Junior Saarah Bhaiji has also experienced Islamophobia, but feels that for the most part South has done an effective job of not tolerating student discrimination toward Muslims. However, she does express concern that sometimes when learning about events Muslims participated in, the information can be skewed or biased so that it comes across as anti-Islam.

“There have been times where a teacher could be saying things against Islam and I don’t really have the authority to say anything,” Bhaiji said. “I’ve felt like sometimes we are getting the wrong information about Islam and they never talked with the Muslim Students Association beforehand [about it].”

While Shahzad also agrees that South has a firm policy of prohibiting prejudice against Muslims, she knows that not all school systems have such a progressive atmosphere. Last year at Springman Middle School, Shahzad says she chose not to wear her hijab out of concern that she might get bullied.

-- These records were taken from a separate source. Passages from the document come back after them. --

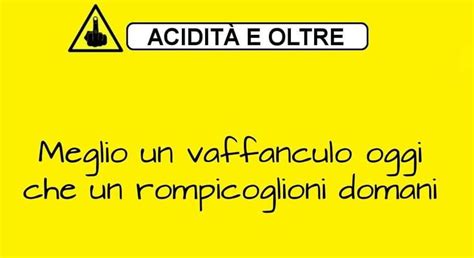 Pin Di Ro Su Bacheca Citazioni Divertenti Citazioni Divertente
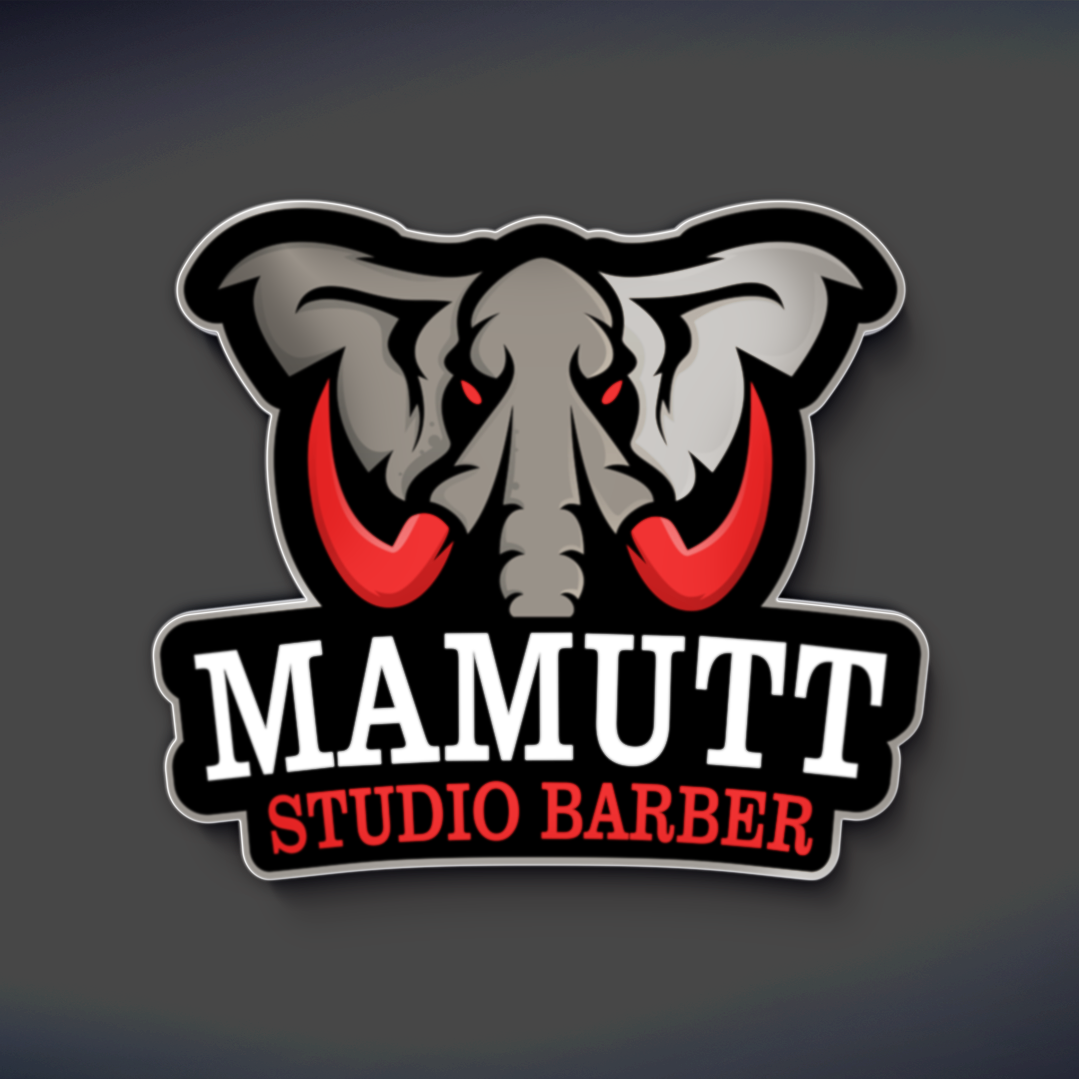 cropped-cropped-logo-Mamutt.png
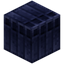 Blue Brick Extra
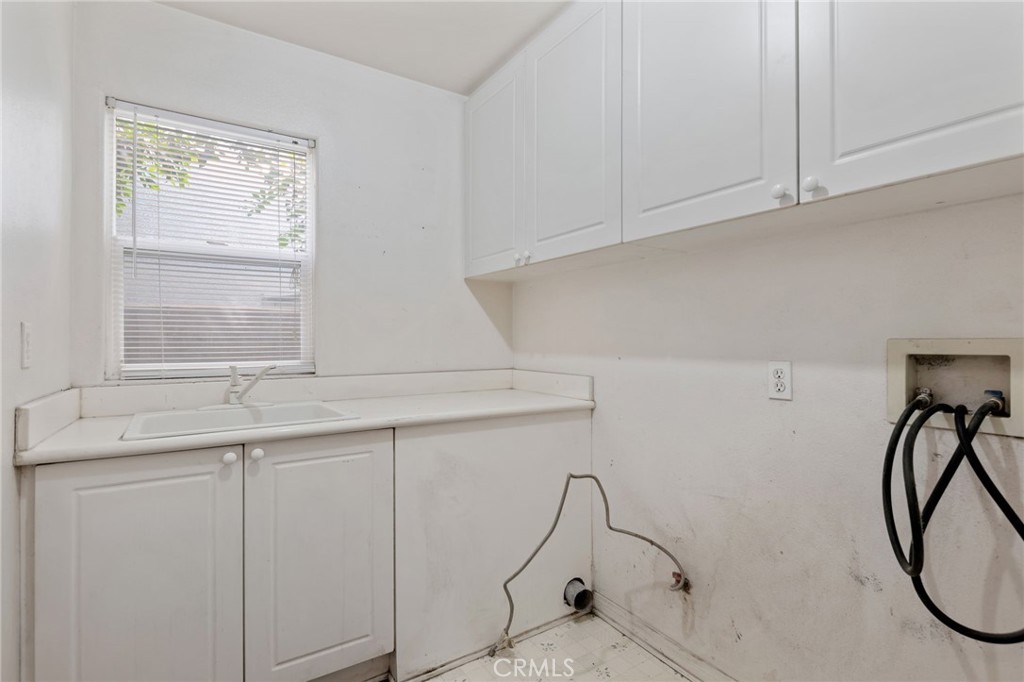 18814 Pinehaven Way Porter Ranch, CA 91326 - Photo 31 of 33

“I started thinking about it towards the beginning of May, so I talked to my mom and she told me to not wear [my hijab] at Springman because of incidents in the past with kids yelling out [slurs], but she knew GBS is a bigger and better school,” Shahzad said. “The environment here is a lot more accepting, so I started wearing [my hijab] just this year and I really didn’t feel like I changed. I’m still the same person.”

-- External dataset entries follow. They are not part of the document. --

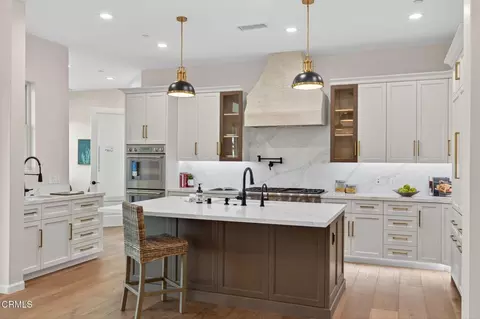 Kitchen - 6174 Cobblestone Dr, Ventura, CA 93003 photo 1 of 5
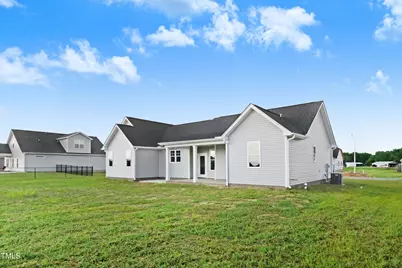 126 Ralph Drive, Pikeville, NC 27863 - Photo 27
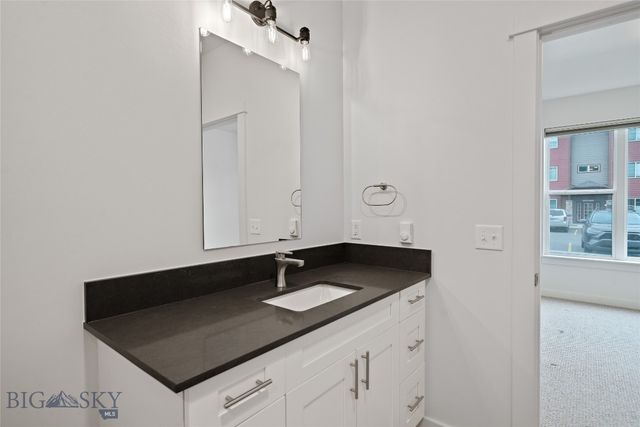 2221C Willow Drive 130, Livingston, MT 59047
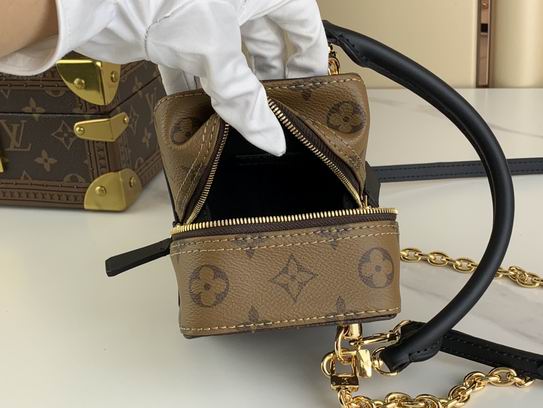 Dice m47124 9.5x9.5x9.5cm gf_8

Although Hussain recognizes that the discrimination she has faced in the past has had some obvious detriments, she still acknowledges that it’s been one of the best lessons she could have ever learned in her youth.

“I try so hard to make sure that I’m never purposefully hurting anyone,” Hussain said. “As a kid I’ve grown up losing respect because of my last name and [my religion] so I always go out of my way to make sure that I start with respect. If I don’t know you at all, I start by respecting you as opposed to not.”

According to Flanagan, the majority of prejudice against Muslims is rooted in ignorance and contempt that clouds the perception people have about Islam. However, she realizes that school systems have an important responsibility to counteract those negative attitudes by creating an environment in which students are more tolerant of differences and change.

“School is the place where students are supposed to get that exposure,” Flanagan said. “It’s not a substitute for the rest of your life, but it’s supposed to normalize different parts of our culture and make less exotic and scary places in world.”

Hussain, like Flanagan, believes Islamophobia is mostly caused by a general misunderstanding and insensitivity about Islam, which is then exacerbated by media slander that taints the attitudes of many unknowing Americans. She hopes that those intolerant of Muslims think first about how their words will impact others.

“They may have been raised to have a certain feeling towards Muslims and that can always be hard to break out of, but I really challenge those people to think about who they’re hurting when they say those things,” Hussain said. “They have to realize at the end of the day that [those people] are all just humans on the same planet they are.”

Bhaiji also agrees that the media plays a large role in influencing the negative stereotypes surrounding Muslim society by portraying Muslims in a negative way. She thinks that if the average person were more educated on what Islam actually looks like, they would be less likely to discriminate and marginalize Muslims in the first place.

“I think if I started talking to someone [about Islam] their entire viewpoint would change because the media portrays [Muslims] so badly,” Bhaiji said.

Flanagan believes that despite the adverse condition for Muslims today, the changing attitudes of young people in the nation provide a sense of hope and reassurance that the issue of Islamophobia is moving in the right direction.

“I feel like we’ve come a long way, but we still have a long way to go,” Flanagan said. “Young adults and students [today] have no patience for intolerance, hate and injustice. Which is just beautiful.”